= NeuroAiD =

Supposed post-stroke ameliorative supplement

NeuroAiD is a herbal supplement proposed to support functional recovery after strokes. There were two formulations of NeuroAiD: MLC601 (NeuroAiDTM) was first developed. Since 2018 MLC601 formulation is no longer on the market, and has been replaced by MLC901 (NeuroAiDTMII), a simplified formulation containing only 9 botanical ingredients. It can be administered orally or through a feeding tube.

A 2016 systematic review found that MLC601 showed no significant benefit in improving outcomes at 3 months in patients with acute ischemic stroke.

NeuroAiD was first registered and marketed in China in 2001. It is derived from traditional Chinese medicine. According to the CEO of Moleac, NeuroAiD is sold in at least 25 countries, and 20,000 people have taken it.

==Composition==
NeuroAiD I, or MLC601, is composed of nine herbal components (astragalus root, Salvia miltiorrhiza root, chishao, rhizome lovage, Angelica sinensis root, safflower, peach, thinleaf milkwort root, and grassleaf sweet flag rhizome) and five components derived from animals (Hirudo medicinalis, Eupolyphaga seu steleophaga, Calculus bovis artifactus, Buthus martensii, and Cornu saigae tataricae). NeuroAiDTMII, or MLC901, is a simpler form of the medication that only contains the nine herbal components without the animal components. Since 2018, MLC601 formulation is no longer marketed.

== Pharmacology ==
Laboratory studies suggest that NeuroAiD can aid with stroke recovery by improving neuroprotection, neurogenesis, and neuroplasticity by amplifying endogenous processes of self-protection and self-repair of the brain. MLC901 can activate KATP channels, which has a neuroprotective effect against brain ischemia.

== Effectiveness ==
Neuroaid was statistically no better than placebo in improving stroke recovery at 3 months post-stroke.

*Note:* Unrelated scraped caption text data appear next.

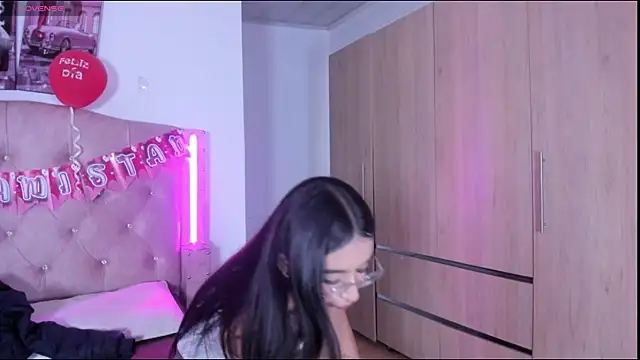 XXX chat uživo modela liittle__baby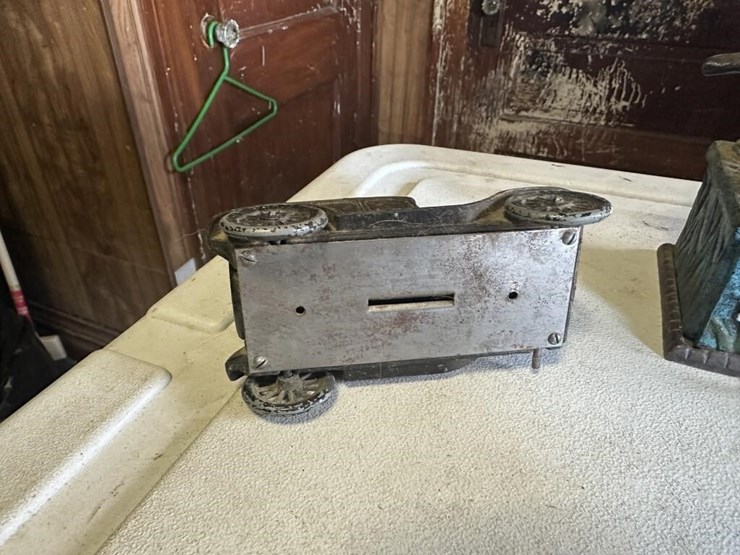antique-cast-iron-cars-&-toy-set-image-3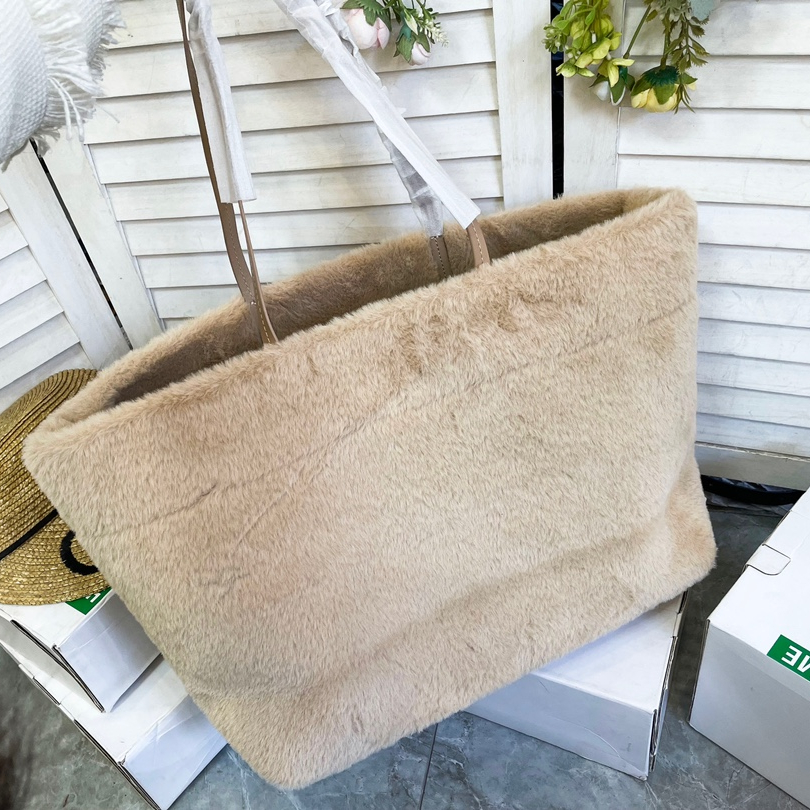 women winter bag  4 colors Size 40cm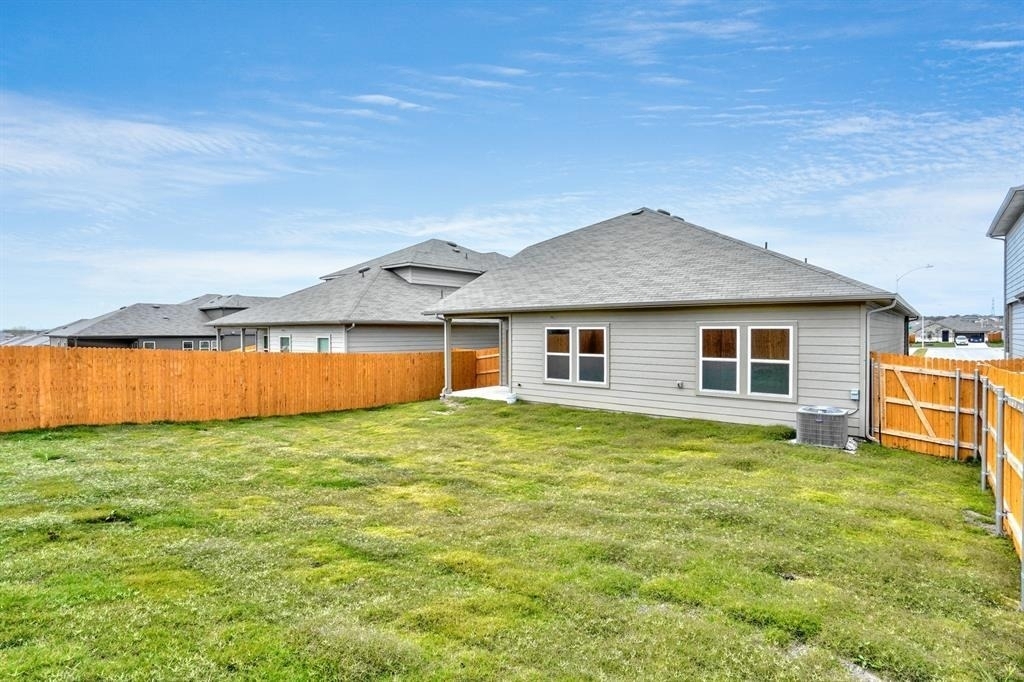 5905 Brocade Dr - Photo 23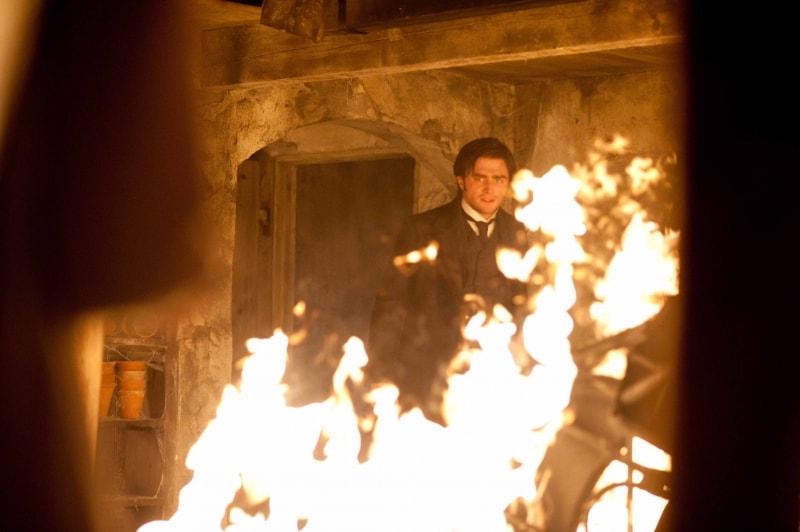 Tra-le-fiamme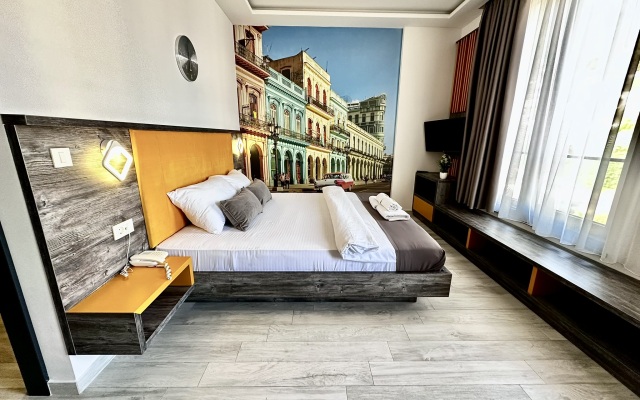 Del Medio Hotel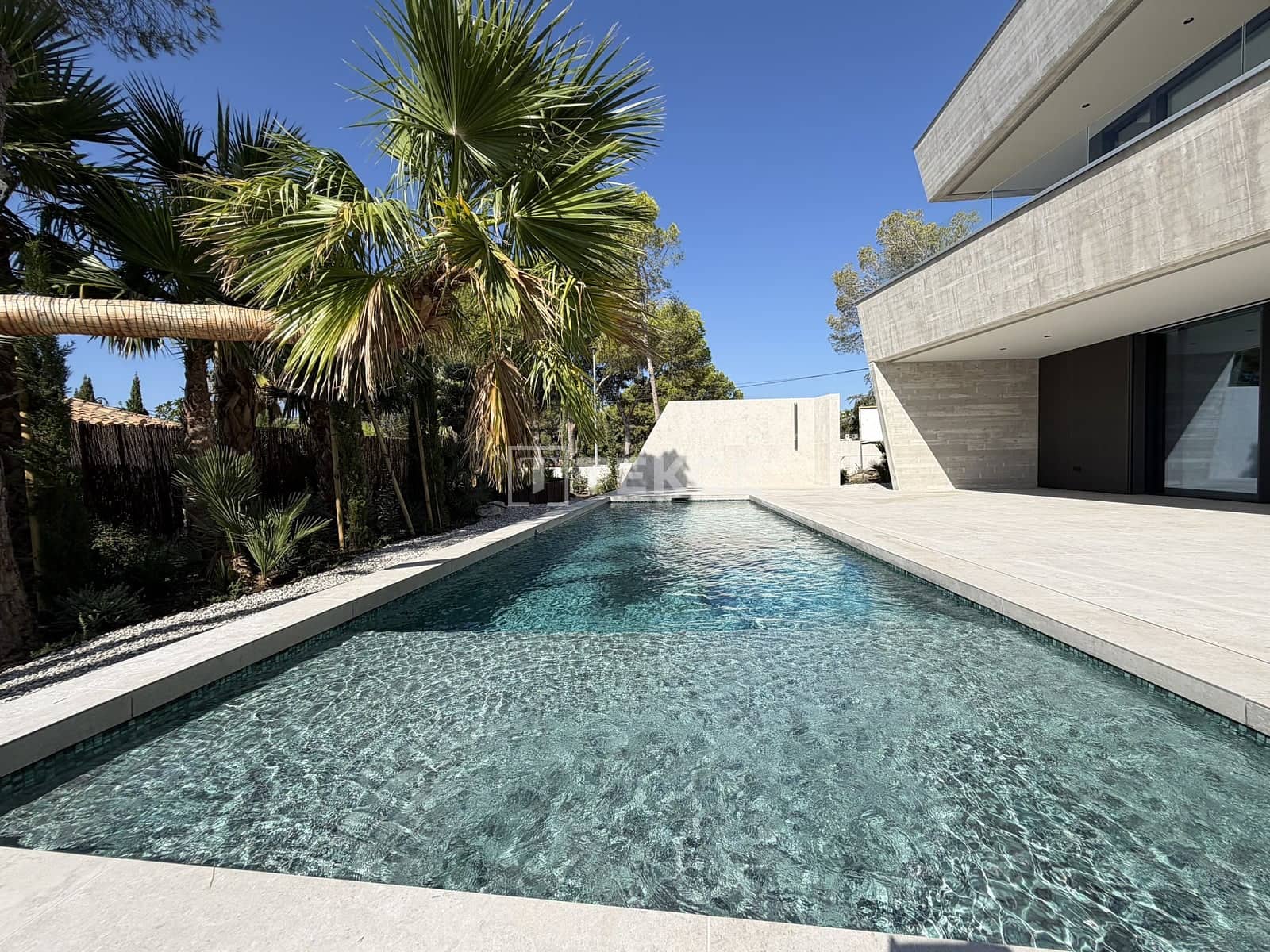 4 bedroom Villa for sale in Altea with pool - € 2,295,000 (Ref: 10037782)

Additionally, recent research indicates that NeuroAid improves cognitive functioning after traumatic brain injury and could potentially play a role in treating severe traumatic spinal cord injuries, as well as in slowing down the progression of Alzheimer's disease.

== Side effects ==
Common side effects include abdominal discomfort, headaches, dry mouth, nausea, vomiting, and diarrhea. Frequently, they can be relieved by reducing the dosage of the medication by 50% for a week. Once the symptoms have resolved, the usual dosage can be resumed. In some rare cases during clinical trials, a few patients experienced serious side effects (jaundice, low potassium levels, recurring strokes).

== Contraindications ==
The medication is contraindicated in pregnant and breastfeeding women.

==Approvals and patents==
NeuroAiD was approved by the Sino Food and Drug Administration in August 2001, under the name Danqi Piantan Jiaonang. NeuroAiD has also been approved for use in other Asian countries such as Singapore. In 2006, NeuroAiD was also chosen for the Chinese Ministry of Science and Technology's Key Technologies Research & Development program.